Git Mailing List Archive mirror
 help / color / mirror / Atom feed
From: Jeff King <peff@peff.net>
To: Taylor Blau <me@ttaylorr.com>
Cc: git@vger.kernel.org, Chris Torek <chris.torek@gmail.com>,
	Derrick Stolee <derrickstolee@github.com>,
	Junio C Hamano <gitster@pobox.com>
Subject: Re: [PATCH v3 2/2] builtin/pack-objects.c: introduce `pack.recentObjectsHook`
Date: Fri, 12 May 2023 17:24:56 -0400	[thread overview]
Message-ID: <20230512212456.GA2495860@coredump.intra.peff.net> (raw)
In-Reply-To: <2ce8a79fa4bf98947728da4e6e22304a2f203fac.1683847221.git.me@ttaylorr.com>

On Thu, May 11, 2023 at 07:20:37PM -0400, Taylor Blau wrote:

> This patch introduces a new multi-valued configuration option,
> `pack.recentObjectsHook` as a means to mark certain objects as recent,
> regardless of their age.
> 
> Depending on whether or not we are generating a cruft pack, this allows
> the caller to do one of two things:
> 
>   - If generating a cruft pack, the caller is able to retain additional
>     objects via the cruft pack, even if they would have otherwise been
>     pruned due to their age.
> 
>   - If not generating a cruft pack, the caller is likewise able to
>     retain additional objects as loose.

I think this description suffers a bit from being adapted from the
original patch which was targeting cruft packs.

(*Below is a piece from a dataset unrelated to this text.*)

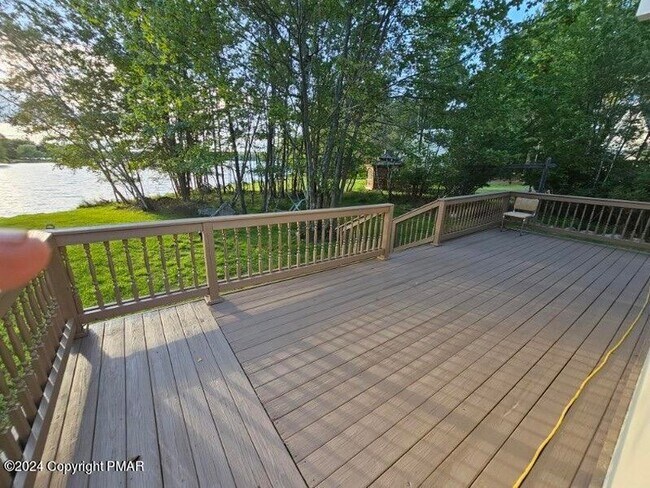 Building Photo - 4153 Sylvan Ln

It's not clear to me
what "the caller" means here. And really, I think this is getting into
the details before giving an overview and motivation.

I'd expect something the rationale to be something like:

  1. Git considers the recent-ness of objects when deciding how to handle
     unreachable objects (discarding those that are too old, and keeping
     new-enough ones)

  2. you might want to consider more objects as "recent" because you know
     something Git doesn't (that certain objects are more interesting
     than others; specific examples may help here)

  3. so this patch gives you a way to override the recent-ness check for
     certain objects

And then get into the details of the implementation, why other solutions
don't work, etc.

> There is currently no option to be able to keep around certain objects
> that have otherwise aged out of the grace period. The only way to retain
> those objects is:
> 
>   - to point a reference at them, which may be undesirable or
>     infeasible,
> 
>   - to track them via the reflog, which may be undesirable since the
>     reflog's lifetime is limited to that of the reference it's tracking
>     (and callers may want to keep those unreachable objects around for
>     longer)
> 
>   - to extend the grace period, which may keep around other objects that
>     the caller *does* want to discard,
> 
>   - or, to force the caller to construct the pack of objects they want
>     to keep themselves, and then mark the pack as kept by adding a
>     ".keep" file.

One option I don't see here is: update the mtime on the objects you want
to salvage.

Why would we want this patch instead of just having the caller update
the mtimes of objects (or in a cruft-pack world, call a command that
rewrites the .mtimes file with new values)?

I can think of some possible arguments against it (you might want to
retain the old mtimes, or you might find it a hassle to have to
continually update them before gc kills them). But I think the commit
message should probably make those arguments.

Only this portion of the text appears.